• Task prompt: Could you restate, exactly and with nothing added, the lines from the start of the data through the line that holds "iota Mobile Stand", leaving the pictures out?

• Material to process:
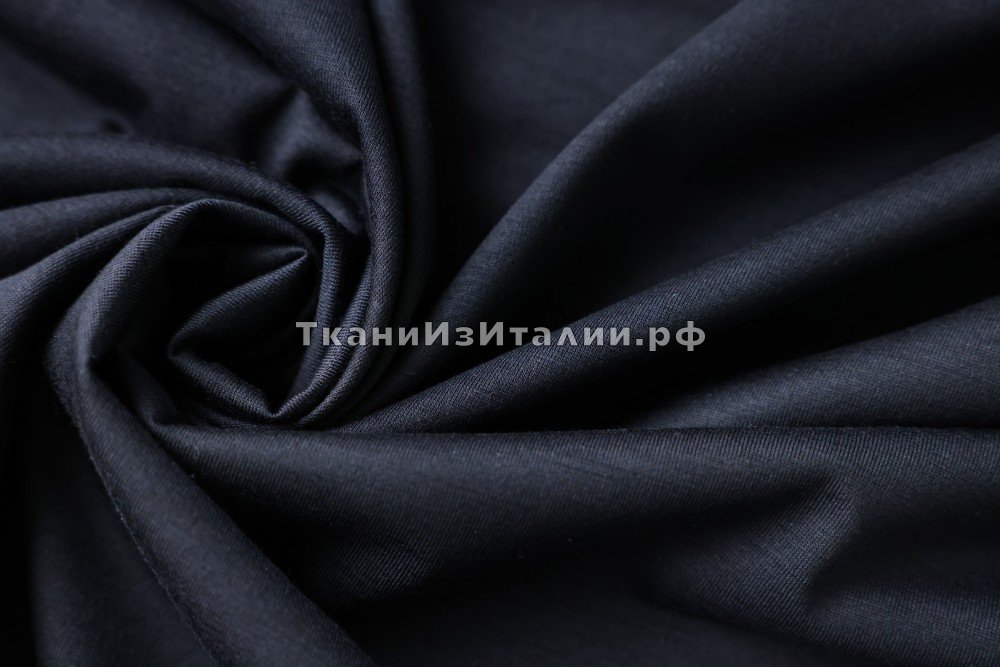 ткань черно-синий трикотаж из шерсти и шелка, трикотаж шерсть однотонная синяя Италия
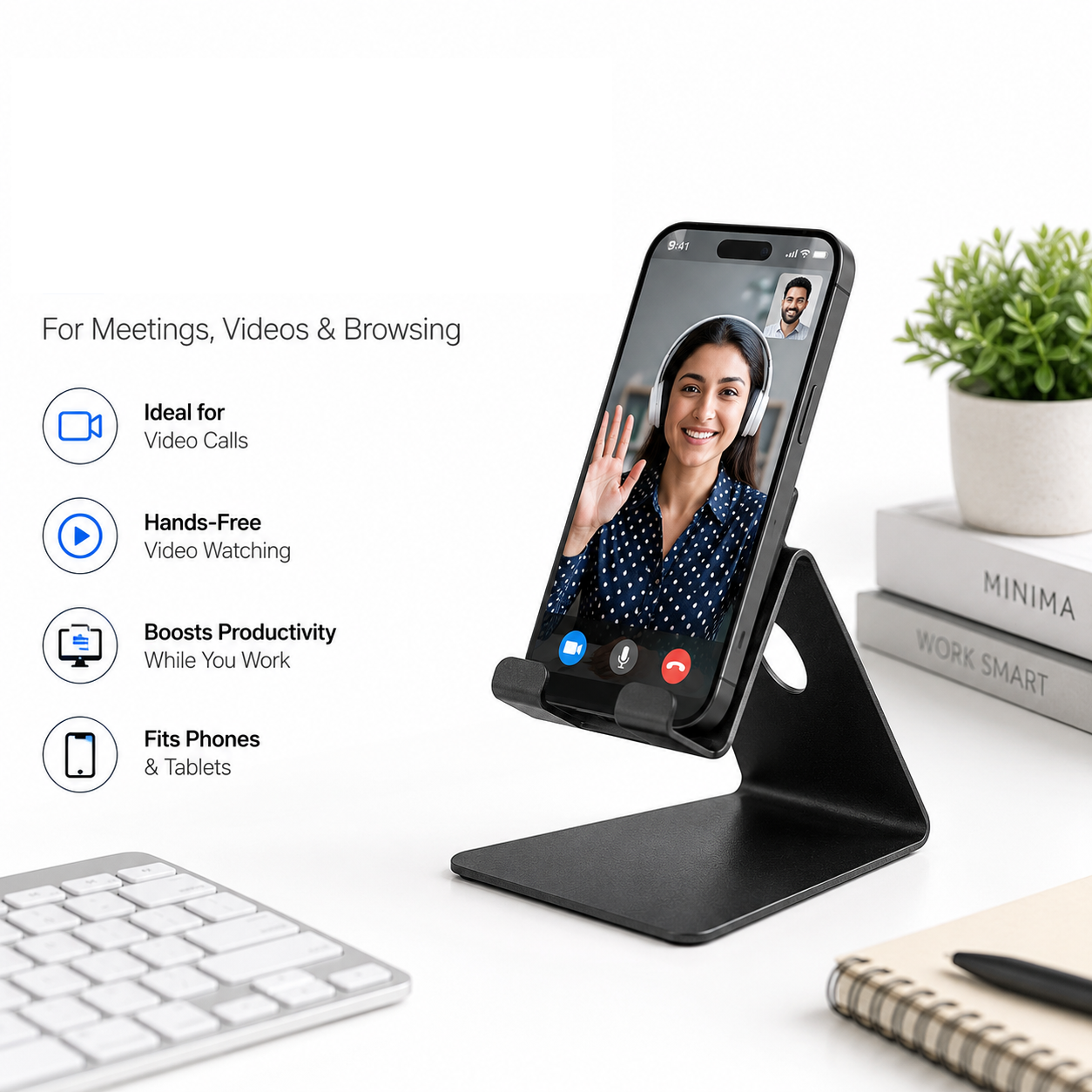 iota Mobile Stand — Lightweight Metal, Anti-slip Base
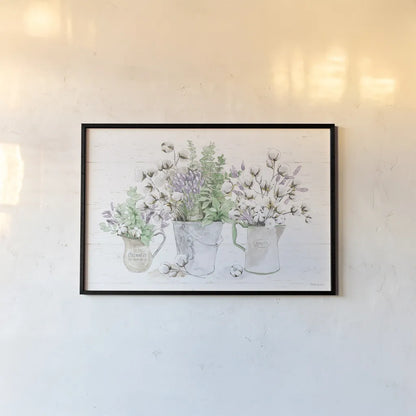 Farmhouse Cotton I Sage by Beth Grove. shown as a paper print in a black flame. Available as a archival giclee rolled canvas, fine art paper, or poster print. SKU 57448i.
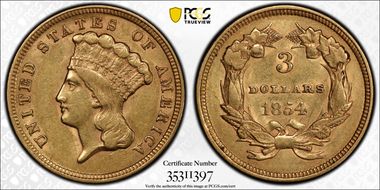 1854 $3 AU50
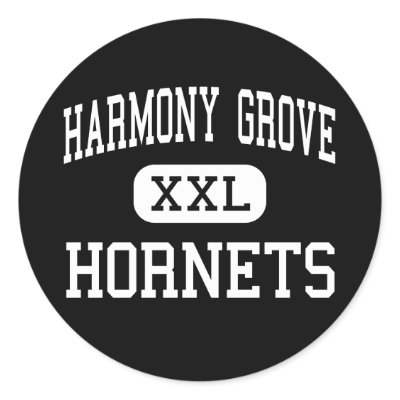 Harmony Grove - Hornets - High - Camden Arkansas Round Stickers by customteamsportswear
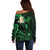 Hawaii Off Shoulder Sweater Niihau Islands Polynesian Sunset Plumeria Green Vibe LT9 - Polynesian Pride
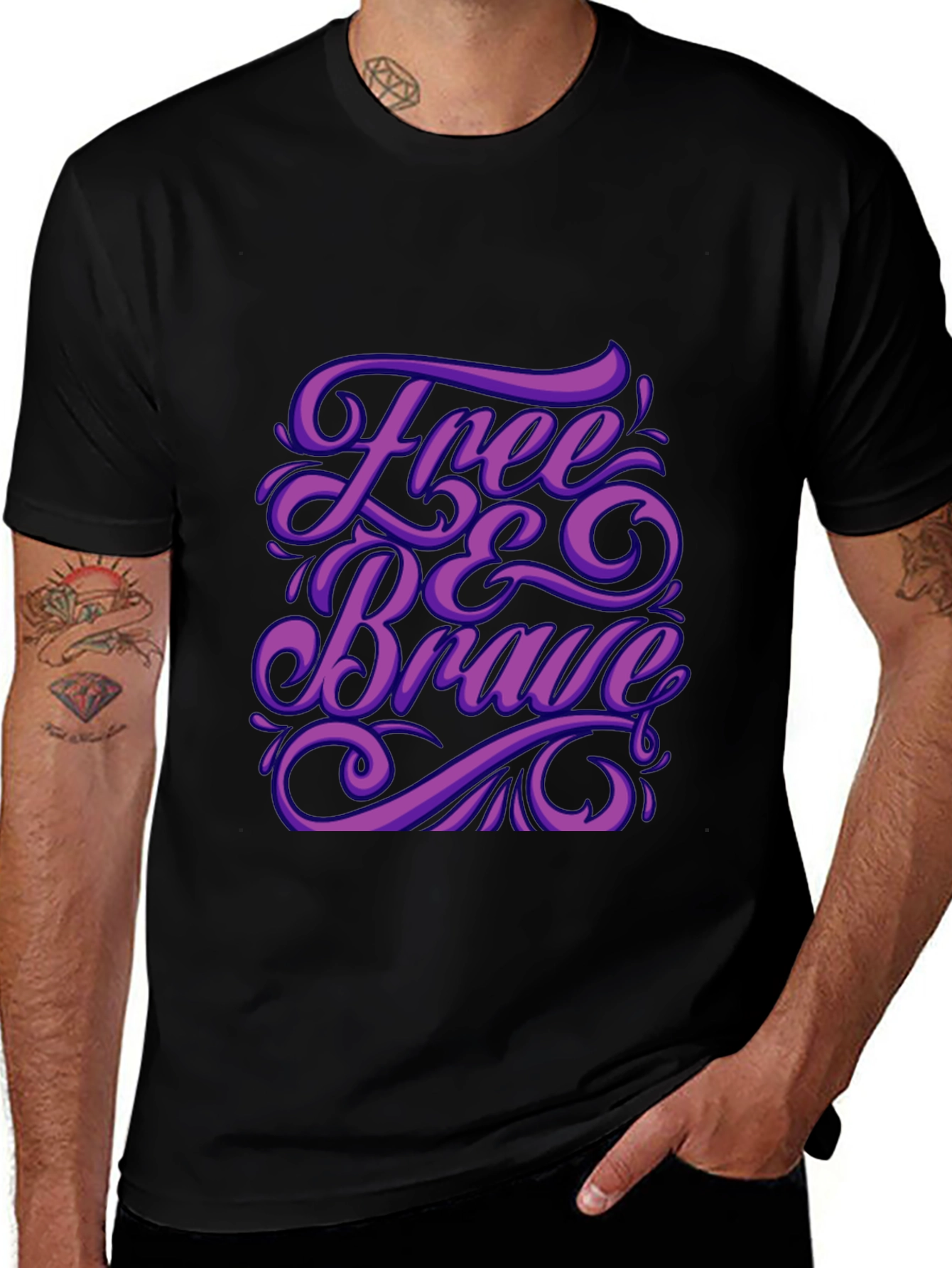 Variant 13 of Free & Brave Graphic Black T-Shirt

• Solution to this task:
 ткань черно-синий трикотаж из шерсти и шелка, трикотаж шерсть однотонная синяя Италия
 iota Mobile Stand — Lightweight Metal, Anti-slip Base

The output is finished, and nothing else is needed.